La voiture électrique démocratique n’est pas pour demain

par Philippe Allienne
Publié le 20 décembre 2019 à 11:16

Le 5 décembre, 1er jour de grève des transports publics et de mobilisation contre la réforme du système de retraite, tout le monde s’attendait à une circulation monstrueuse sur nos autoroutes, nos nationales et autour de la métropole lilloise. Dame, il faut bien aller travailler.

La veille, en raison de la pollution atmosphérique, le préfet avait déclenché la circulation différenciée, interdisant ainsi la circulation autour de Lille pour les véhicules les plus polluants et affichant une vignette « crit’air  » de classe 5 ou 6. Bizarrement, pour le 5 décembre, le pic de pollution s’était lui aussi mis en grève, libérant les vilains pollueurs de la veille. Et le réseau routier fut moins encombré que jamais !

On lira dans notre supplément de cette semaine, dédié à l’environnement, en quoi la vignette « crit’air » est une fausse bonne idée, voire une mauvaise solution à un vrai problème, celui du réchauffement climatique et du rejet de CO2. Outre qu’elle pénalise les personnes économiquement les plus fragiles, elle ne fait qu’encourager la vente d’automobiles et donc... la production de CO2. Les véritables alternatives devraient plutôt porter sur la promotion des transports en commun en les rendant plus incitatifs et plus performants pour tous.

La mesure de la MEL (métropole européenne de Lille) portant sur la gratuité durant les pics de pollution est un premier pas. Pour autant, ce n’est pas dans ce sens que se dessine l’avenir. Les ambitions affichées par le nouveau groupe Peugeot-Fiat qui envisage de vendre près de 9 millions de véhicules par an en sont un exemple frappant.

De son côté, le ministère de la Transition écologique et solidaire annonce qu’il va diminuer la prime pour l’achat de véhicules électriques. Il va certes maintenir le bonus de 6 000 euros pour les particuliers à condition que les achats ne dépassent pas 45 000 euros. Auquel cas le bonus serait ramené à 3 000 euros et à zéro pour l achat d’un véhicule supérieur à 60 000 euros. On devine que le smicard (et pas seulement) n’est pas concerné par ce coup de rabot.

Mais le gouvernement, qui diminue par deux le bonus pour les véhicules de société, compte-t-il exclure pareillement les collectivités territoriales ? Une ville, par exemple, qui met en place la circulation généralisée à 30 km/h et qui souhaite renouveler son parc automobile, pour ses agents, devra-t-elle dépenser plus pour le convertir aux véhicules électriques ?

Pour le gouvernement, la réponse est arithmétique.

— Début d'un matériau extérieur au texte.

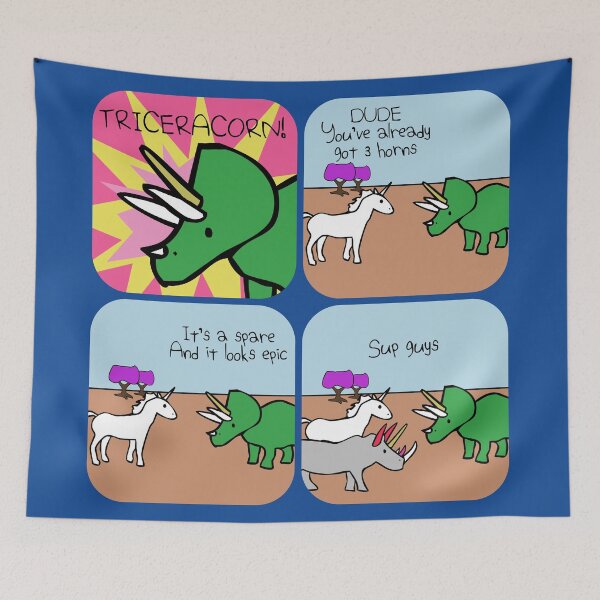 Item preview, Triceracorn (Horned Warrior Friends comic) designed and sold by jezkemp.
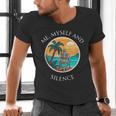 Introvert Relaxation Me Myself And Silence Summer Vacation Men's V-Neck T-Shirt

Estimant que le prix des modèles électriques va diminuer avec la massification du marché, il conclut que le montant des aides doit diminuer. Il ne dit pas que cette diminution doit être proportionnelle. Et comme les prévisions tablent sur la vente de 160 000 véhicules électriques par an en France, à partir de 2022, ce mode de déplacement ne risque pas d’être particulièrement démocratique.